I lost him, on the day I thought he will live forever.
It is Bongi. A shy untrusting dog that I took from a trash pile when she was a puppy, she was so small I could not see her the first time I passed by. She was so scared, wet, and hungry. I took her in, tried to adopt her out, but she felt most comfortable with me. So she stayed.
She was a mix of Terrier and Bali Dog. She was lovely she loved water, loved dirt. She was having the time of her life in my house, running back and forth on the rice field, hunting for rats and digging in their holes. She always, always had her nose dirty because of the many holes she dug. She was the lowest level of the pack, because she had too much love to offer.
She did not fight back.
She was struggling with her food possessiveness, something that we were working on. She was too shy with new people. No one can touch her except me, my husband and of course, our beloved Mama. She will always find a way to sneak into our room, curled up next to us, with her sad eyes and furry ears. Since the day I found her, she decided that I was her home. I was her protector.
I lost her on the day I thought she will be safe from everything.
It is Aming and Botak. The youngest members of the pack, the dynamic duo, Yin and Yang. They were still puppies, barely 10 months old. Like any other puppies, they were full of energy; they were troublemakers, both young and beautiful. They started rough, with almost no hair, skinny and full of fleas. With just a little love, they bloomed. Their hair is the shiniest; their bodies were at their best.
Aming will say hi with his little howl. Then drop his body and curl near us. Aming helped me to take care of three neonate puppies I found in a garage. He loved puppies, sitting with them and hugging them, especially when nights get chilly and the puppies need extra warmth.
Botak will greet us with his happy face. Always smiling, standing there, looking at us and wagging his fluffy tail slowly. He pranced every time he walked. Every sunset, he will stand on the top of the rice field tier, looking very stoic, creating a magnificent silhouette of a Kintamani Dog.
I lost them, on the day I thought we will grow old together.
I lost five of my dogs, poisoned, on the same day my mother in law got cremated. I lost them on the day I thought it would not get any worse than that. The feeling….. I could barely cope.

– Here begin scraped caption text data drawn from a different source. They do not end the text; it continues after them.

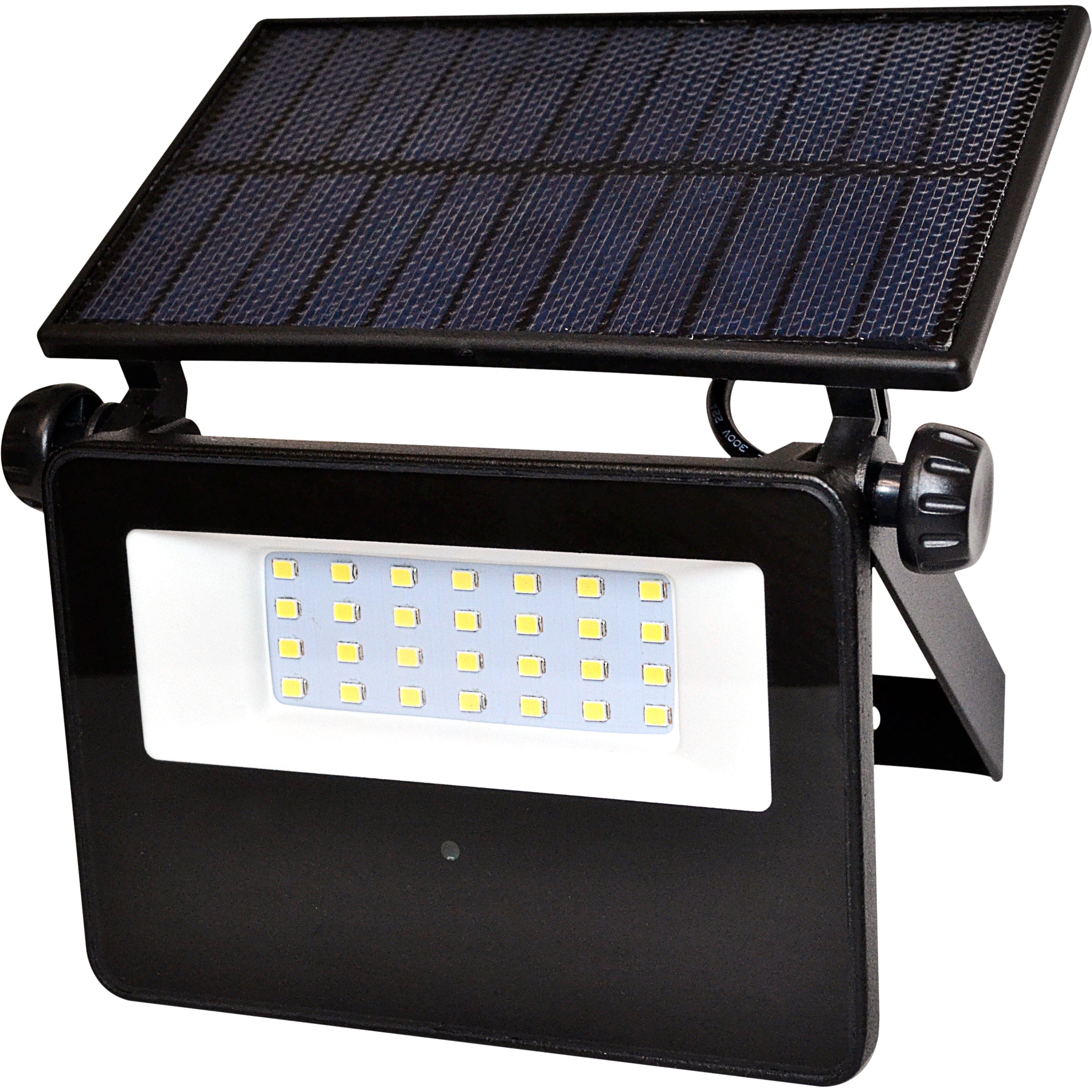 Faretto da muro Solare Ultra Bright 12W 1500LM 5000K IP65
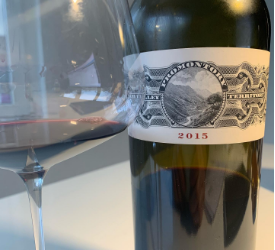 PROMONTORY 2015 ICON WINE
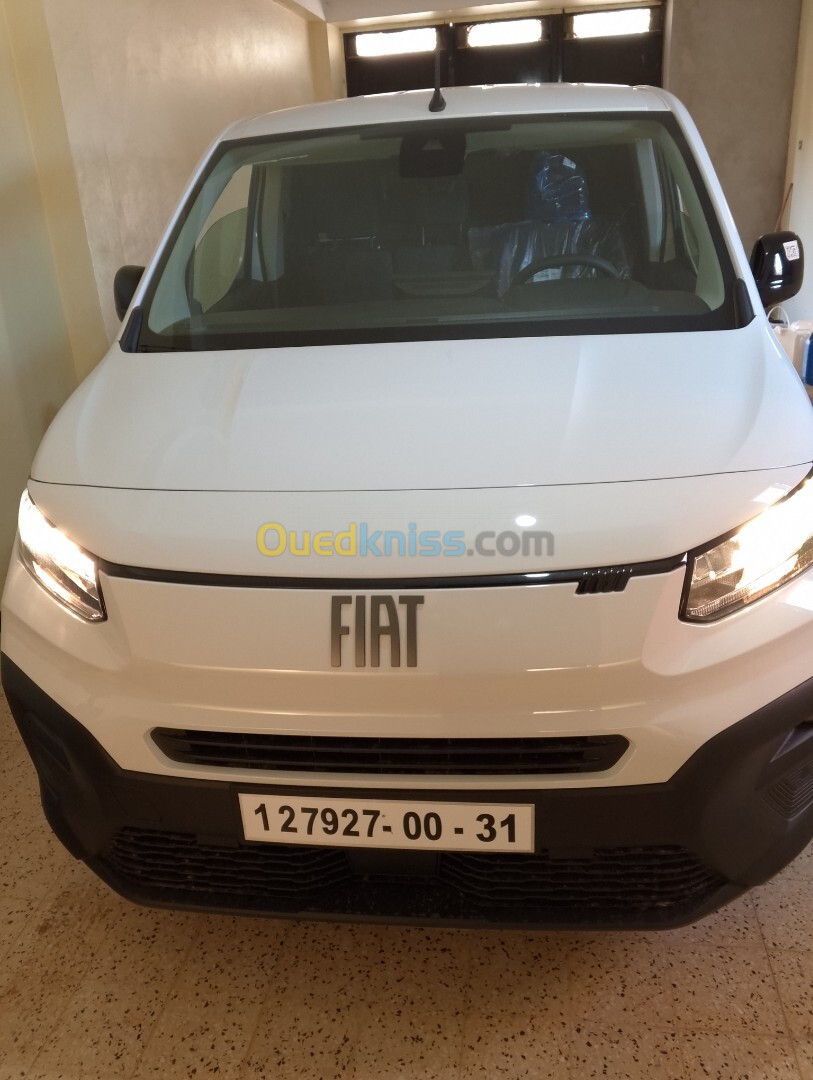 Fiat دوبلو 2024 فياط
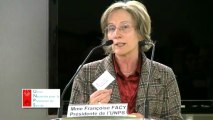 12) 17ème JNPS - Conclusion par Françoise FACY (Pdte UNPS)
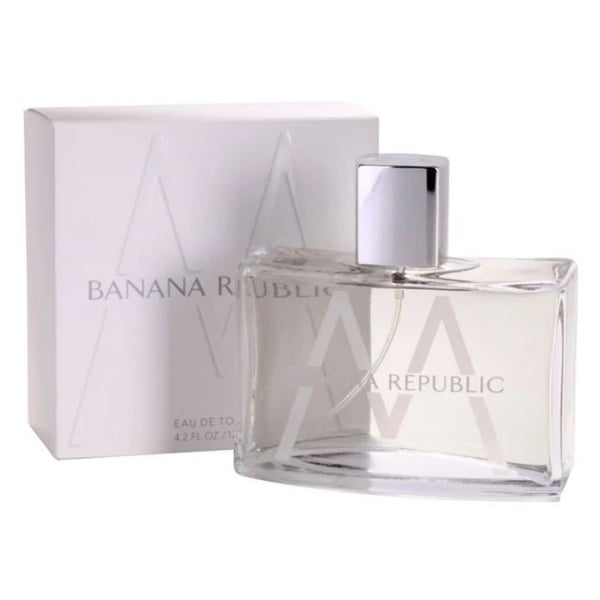 M banana republic discount perfume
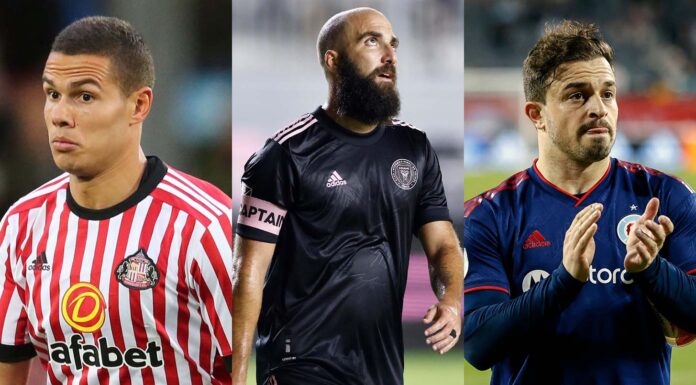 Mailing It In: Footballers Who Underperformed After Getting the Bag footballer busts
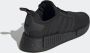 Adidas Originals NMD_R1 Primeblue Schoenen Core Black Core Black Solar Pink Dames - Thumbnail 9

That feeling, that I was not able to help them, to hug them in their last minutes. They must have been so scared. Did they think of me? Were they looking for me while they were grasping for air? Would they think I left them alone in agony? Would they be angry with me for not being there?
Would they think that it is not fair that I am gone now, as before they were all there pulling me up in my difficult time?
I was just, afraid to feel.
When I got home, they were all already buried. I was too scared to visit them. I saw the red soil, and pictured their bodies under it. Are their spirits surrounding me now? Are you dancing, Nyamnyo? Are you crying, Kiki? Are you howling, Aming? Are you wagging your tail, Botak? And are you, Bongi, sneaking behind me and licking my feet?
I was still, afraid to feel.
When my defense mechanism was a bit cracked because of my mother in law, it is now strengthened because of my dogs.
Then I choose not to feel. I choose not to remember. I just breathe. And move on.
I choose to be a cold hearted bitch when faced with deaths. Six loves of my life left me on the same day. Each of them left a deep cut to my chest. I chose to be a Bali Dog. I shake it off, and walk through.
Life has been giving me too many lemons it gets bitter, so bitter that my tongue could not feel anymore.
Now I am numb.
Rest in peace my loves, wherever you are. Floating next to me, rotting under the soil, or on that rainbow bridge those positive people often talk about.
I love you.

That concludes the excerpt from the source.